Thanks for demonstrating my point in much greater detail, and it's telling that you imply that discussing situations is somehow a secondary activity.
Rather, before speculating on solutions the problem has to be characterized. Often the process is iterative. But typical human behavior (likely dating back to the veldt) is to jump to the last step and be done with the whole thing. We can see how well that tactic has worked for Study Group 7.
Organizations (such as observatories, for instance) have much experience with this particular issue and with strategies for handling it. Similarly, after a dozen years the ITU-R has finally chided SG-7 for failing to consult with stakeholders.
> UTC is bad because it is incompatible with ancient notation and it is unpredictable;
The ways that UTC is good or bad are many and interrelated. Oversimplifying the problem space will make viable solutions vanish into the wainscoting.
> the correct solution is to use either TAI or UT1 as appropriate.

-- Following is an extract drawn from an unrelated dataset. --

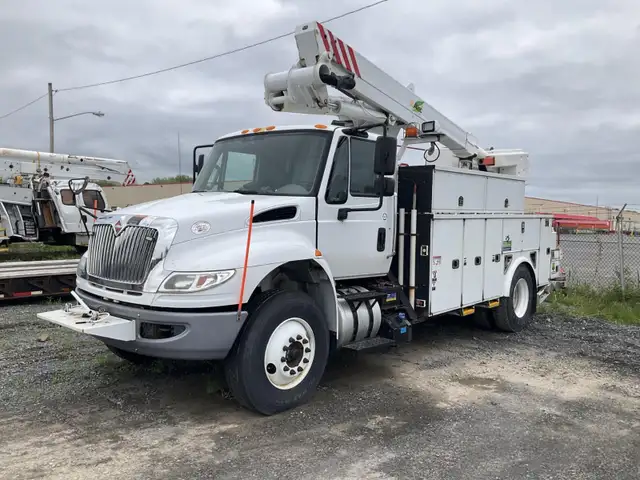 2016 International 4400 Altec T441M Bucket Truck - Photo 2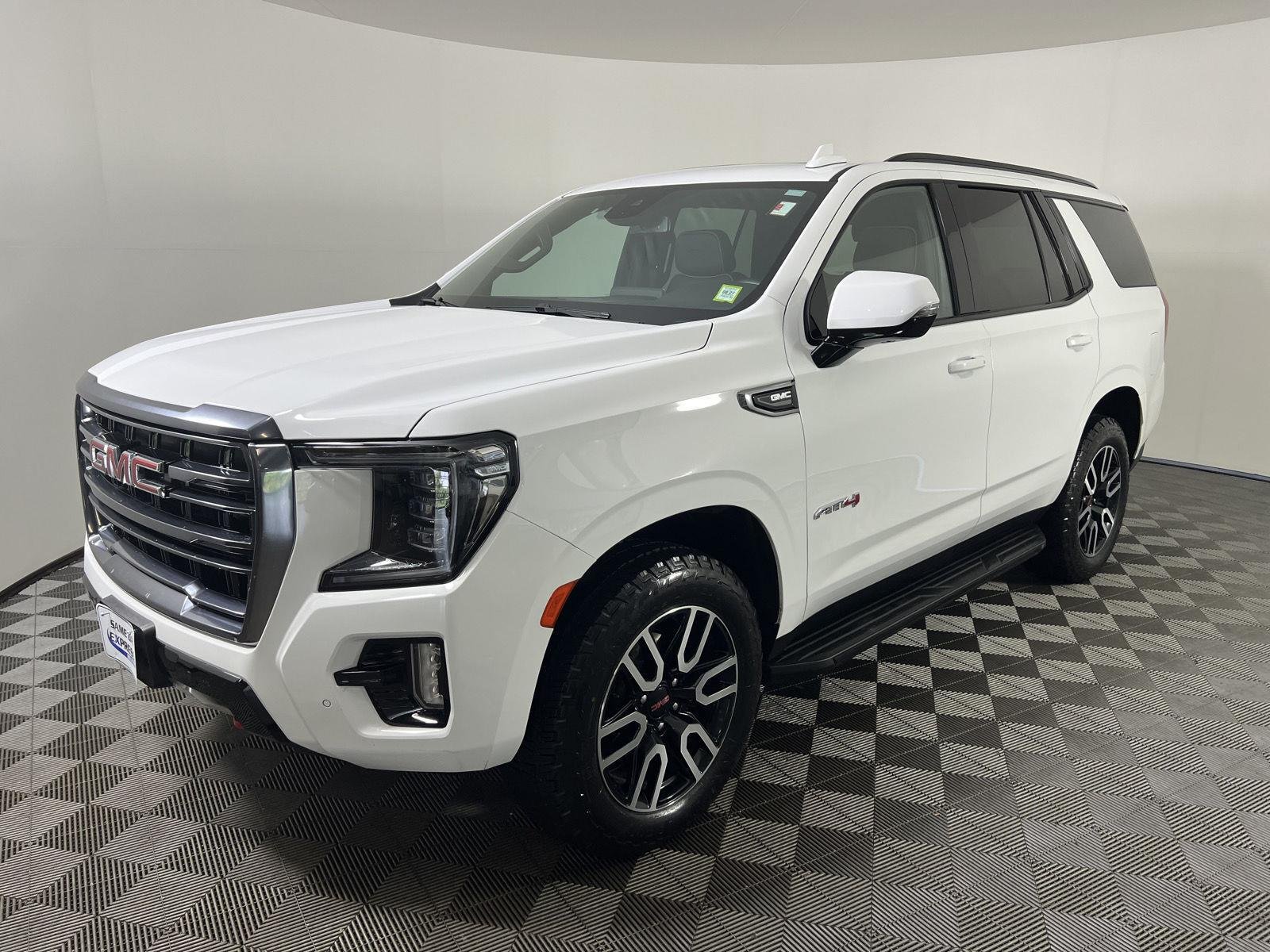 Used 2023 Summit White GMC AT4 image 34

That is, the civil timekeeping problem space includes use cases pertaining to both. Leaving either one out of the analysis makes a coherent solution impossible.
Folks don't like being lectured and I'm sure I seem boorish, but after 12 years a simple description of the concept of engineering requirements appears to remain controversial. There are no correct solutions; systems engineering seeks satisfactory solutions. A single problem - a coherently described problem space - may permit many different solutions that meet requirements (perhaps allowing a few liens in the mix). Trade-off studies against the familiar dimensions of cost, schedule and performance - and the risks (brittle higher order moments) of each of these - are necessary to identify the "best" option(s). But best here isn't some sort of Platonic ideal, rather just an efficient solution reached through satisficing.
> Displaying the time correctly for multiple locations has been solved for decades.
Problems don't stay solved. Ubiquitous videoconferencing has changed the nature of meetings. Each solution has a context.